Einer wie Dennis Guretzke hätte sich vor drei, vier Jahren gar nicht erst bewerben müssen. Der schmächtige junge Mann mit dem kurz geschorenen Haar saß im Gefängnis, verurteilt wegen Einbruchsdiebstahls. Für Ausbildungsbetriebe und Lehrmeister war ein derartiger Makel im Lebenslauf ein Ausschlusskriterium, es gab ja gneug Bewerber für Lehrstellen. Inzwischen hat sich der Markt gedreht. Immer häufiger können Betriebe ihre Ausbildungsplätze nicht mehr besetzen, weil es zu wenige oder zumindest zu wenig geeignete Asprianten gibt. Dies, so die Theorie, führt dazu, dass Betriebe nicht mehr nur auf Zeugnisse und Lebenslauf gucken, sondern auch Bewerber zum Vorstellungsgespräch bitten, auf die sie sich früher nicht eingelassen hätten. "In der Praxis hat sich dieser Gedanke noch nicht überall durchgesetzt", sagt Ingelore Holz, Geschäftsführerin der Werkstätten Stadtkirchenverband Hannover. Dort läuft das Projekt Perspektivwechsel, das straffällig gewordenen Jugendlichen einen neuen Anfang ermöglichen soll.

Dennis Guretzke hat mindestens eine Eigenschaft an den Tag gelegt, die moderne Arbeitgeber schätzen: Flexibilität. "Ich bin nach Hannover gekommen, weil es hier viele Betriebe gibt, und weil es eine große Stadt ist, in der mich niemand kennt. Das ist gut für einen zweiten Start", sagt der 21-Jährige, der in Demmin in Mecklenburg-Vorpommern geboren ist und den es danach nach Peine, Greven (bei Münster) und Nordhorn verschlagen hat - Kleinstädte, in denen man als Heranwachsender Langeweile schieben und auf dumme Gedanken kommen kann.

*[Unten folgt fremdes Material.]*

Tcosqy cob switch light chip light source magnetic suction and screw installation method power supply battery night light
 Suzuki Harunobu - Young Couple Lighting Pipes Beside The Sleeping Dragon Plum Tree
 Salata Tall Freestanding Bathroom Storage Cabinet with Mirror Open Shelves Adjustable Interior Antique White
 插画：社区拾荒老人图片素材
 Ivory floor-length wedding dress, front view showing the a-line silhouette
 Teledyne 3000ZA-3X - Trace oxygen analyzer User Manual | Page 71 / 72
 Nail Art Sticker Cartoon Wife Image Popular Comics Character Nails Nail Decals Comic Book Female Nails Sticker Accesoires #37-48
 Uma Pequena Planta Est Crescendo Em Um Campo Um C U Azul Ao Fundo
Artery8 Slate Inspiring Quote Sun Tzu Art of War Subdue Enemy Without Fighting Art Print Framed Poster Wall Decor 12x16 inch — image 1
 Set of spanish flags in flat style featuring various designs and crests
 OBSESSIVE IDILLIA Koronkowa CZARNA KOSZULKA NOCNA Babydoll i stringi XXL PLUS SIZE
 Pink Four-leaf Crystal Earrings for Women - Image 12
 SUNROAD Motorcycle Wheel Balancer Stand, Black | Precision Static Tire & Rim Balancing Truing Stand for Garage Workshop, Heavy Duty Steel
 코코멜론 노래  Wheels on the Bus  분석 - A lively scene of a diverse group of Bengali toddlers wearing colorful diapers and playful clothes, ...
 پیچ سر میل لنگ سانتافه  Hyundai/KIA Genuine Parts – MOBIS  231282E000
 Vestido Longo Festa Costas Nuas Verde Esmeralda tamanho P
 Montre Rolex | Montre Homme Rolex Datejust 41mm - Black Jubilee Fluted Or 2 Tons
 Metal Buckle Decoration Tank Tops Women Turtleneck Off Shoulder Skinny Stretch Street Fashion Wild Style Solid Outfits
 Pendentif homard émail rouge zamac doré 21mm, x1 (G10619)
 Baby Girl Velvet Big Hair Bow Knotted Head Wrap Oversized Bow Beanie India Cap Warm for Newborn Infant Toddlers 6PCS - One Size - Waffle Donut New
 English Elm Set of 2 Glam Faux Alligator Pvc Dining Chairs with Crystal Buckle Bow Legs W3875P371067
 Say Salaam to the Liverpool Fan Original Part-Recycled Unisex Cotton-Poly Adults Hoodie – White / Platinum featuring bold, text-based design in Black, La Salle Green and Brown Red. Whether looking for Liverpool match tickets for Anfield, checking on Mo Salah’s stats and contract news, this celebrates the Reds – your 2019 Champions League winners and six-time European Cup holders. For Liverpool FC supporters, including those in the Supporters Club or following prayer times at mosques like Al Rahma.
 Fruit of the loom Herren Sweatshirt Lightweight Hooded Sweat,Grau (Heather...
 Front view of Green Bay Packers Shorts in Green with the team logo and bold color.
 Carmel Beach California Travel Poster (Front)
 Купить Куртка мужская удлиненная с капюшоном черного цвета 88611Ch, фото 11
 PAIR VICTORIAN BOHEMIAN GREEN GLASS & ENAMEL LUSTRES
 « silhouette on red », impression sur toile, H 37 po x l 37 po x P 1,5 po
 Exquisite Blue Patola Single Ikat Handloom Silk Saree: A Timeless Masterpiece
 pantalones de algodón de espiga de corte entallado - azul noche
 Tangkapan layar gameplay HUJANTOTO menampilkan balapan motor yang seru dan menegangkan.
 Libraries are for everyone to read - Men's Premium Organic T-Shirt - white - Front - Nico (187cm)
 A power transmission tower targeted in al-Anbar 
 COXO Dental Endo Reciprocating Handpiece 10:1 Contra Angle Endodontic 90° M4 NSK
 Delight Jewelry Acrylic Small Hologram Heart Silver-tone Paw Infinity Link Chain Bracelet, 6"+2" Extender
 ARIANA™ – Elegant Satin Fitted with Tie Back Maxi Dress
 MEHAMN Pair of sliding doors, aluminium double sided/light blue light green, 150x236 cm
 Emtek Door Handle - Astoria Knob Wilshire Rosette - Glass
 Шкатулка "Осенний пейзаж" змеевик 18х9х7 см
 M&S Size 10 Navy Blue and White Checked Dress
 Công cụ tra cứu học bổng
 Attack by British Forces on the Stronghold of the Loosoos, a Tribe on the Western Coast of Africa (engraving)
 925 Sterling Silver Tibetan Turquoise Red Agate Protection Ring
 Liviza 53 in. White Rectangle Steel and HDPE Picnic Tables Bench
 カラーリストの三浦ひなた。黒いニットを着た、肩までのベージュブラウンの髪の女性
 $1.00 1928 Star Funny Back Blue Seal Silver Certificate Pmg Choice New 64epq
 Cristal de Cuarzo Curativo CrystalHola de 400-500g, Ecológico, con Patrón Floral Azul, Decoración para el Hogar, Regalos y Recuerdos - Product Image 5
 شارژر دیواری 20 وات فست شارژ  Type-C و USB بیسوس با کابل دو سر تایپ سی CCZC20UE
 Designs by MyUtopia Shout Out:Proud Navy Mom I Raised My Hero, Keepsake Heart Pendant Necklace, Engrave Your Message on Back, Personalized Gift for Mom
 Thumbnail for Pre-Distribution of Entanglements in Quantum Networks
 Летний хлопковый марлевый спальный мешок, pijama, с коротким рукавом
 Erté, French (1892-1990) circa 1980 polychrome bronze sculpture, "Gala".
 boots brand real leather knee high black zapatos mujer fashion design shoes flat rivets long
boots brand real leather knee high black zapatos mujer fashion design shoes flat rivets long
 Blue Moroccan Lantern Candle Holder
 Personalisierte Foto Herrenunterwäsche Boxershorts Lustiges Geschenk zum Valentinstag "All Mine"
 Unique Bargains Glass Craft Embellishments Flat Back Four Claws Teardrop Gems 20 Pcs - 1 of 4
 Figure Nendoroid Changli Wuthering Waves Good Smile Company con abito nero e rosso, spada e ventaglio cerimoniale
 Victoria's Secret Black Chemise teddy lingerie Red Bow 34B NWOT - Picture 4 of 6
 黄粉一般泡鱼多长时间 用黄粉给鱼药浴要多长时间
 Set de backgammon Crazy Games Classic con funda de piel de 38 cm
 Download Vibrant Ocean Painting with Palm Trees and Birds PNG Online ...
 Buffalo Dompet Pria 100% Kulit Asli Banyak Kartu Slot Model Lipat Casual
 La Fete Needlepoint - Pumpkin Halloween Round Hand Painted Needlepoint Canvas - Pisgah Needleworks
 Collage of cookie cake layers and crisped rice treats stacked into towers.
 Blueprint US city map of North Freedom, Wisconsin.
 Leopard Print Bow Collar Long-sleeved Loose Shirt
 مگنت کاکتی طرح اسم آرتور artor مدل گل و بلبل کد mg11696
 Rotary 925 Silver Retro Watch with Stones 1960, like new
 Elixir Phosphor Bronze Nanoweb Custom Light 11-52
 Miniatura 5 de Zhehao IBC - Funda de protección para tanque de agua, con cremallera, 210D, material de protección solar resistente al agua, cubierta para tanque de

Guretzke, dessen Eltern sich getrennt haben der früh in seinem Leben den familiären Halt verlor, erzählt seine Geschichte frank und frei, ohne dabei die Augen zu senken: Wie er an Kumpels geriet, von denen er im Nachhinein sagt, es seien "die falschen Leute gewesen". Wie er, um "zu beweisen, dass man mithalten kann und dazugehört", Dinge tat, die man besser lässt. Und wie das Ganze dann dazu führte, dass er Gefahr lief, sein Leben zu verpfuschen.
In Guretzkes Clique wurde gekifft, in Läden geklaut. Als man ihn erwischte, bekam er Sozialstunden im Tierpark Nordhorn aufgebrummt. "Ich musste die Drecksarbeit leisten, die die angestellten Mitarbeiter nicht machen wollten", sagt er. Mit 18 Jahren war er obdachlos, lebte in einer Unterkunft, wo er aber nach eigenen Angaben "mit den Alkis nicht klarkam". Er landete auf der Straße. Damals hatte er einen gesetzlichen Betreuer, der, so schildert es Guretzke, seine Tätigkeit eher nachlässig ausübte, sodass es zu einer Sperre von Hartz-IV-Leistungen kam. Mit einem Bekannten ist er dann in das Büro des Betreuers eingestiegen; sie stahlen Geld und Elektrogeräte. "Es war ein Racheakt", sagt Guretzke. Die Sache flog auf, das Gericht schickte ihn für 14 Monate in die Jugendanstalt Hameln. Dort wurde er Ende vergangenen Jahres nach acht Monaten wegen guter Führung vorzeitig entlassen.
"Wir dürfen keinen aufgeben", lautet das Credo von Vertretern der Jobcenter oder der Jugendhilfe, wenn es um Jugendliche mit Brüchen im Lebenslauf geht. Deshalb gibt es Einrichtungen wie die Werkstätten des Stadtkirchenverbandes in Kleefeld und in Linden, die sich um "bisher prspektivlose Jugendliche und Heranwachsende kümmern", wie Geschäftsführerin Ingelore Holz sagt. Dazu zählen auch Jugendliche, die mit dem Gesetz in Konflikt geraten sind. Gemäß ihren Fähigkeiten bekommen sie soziales Training und praktische Ausbildung. In Kleefeld sind die Fachbereiche Veranstaltung, Gastronomie, Einzelhandel und Büromanagement angesiedelt,
Es geht nicht um graue Theorie, sondern um handfeste Praxis. Die Werkstätten betreiben einen Cateringdienst und einen täglichen Mittagstisch für Senioren im Veranstaltungsraum, in dem sie auch bei Hochzeiten oder Betriebsfeiern auftischen.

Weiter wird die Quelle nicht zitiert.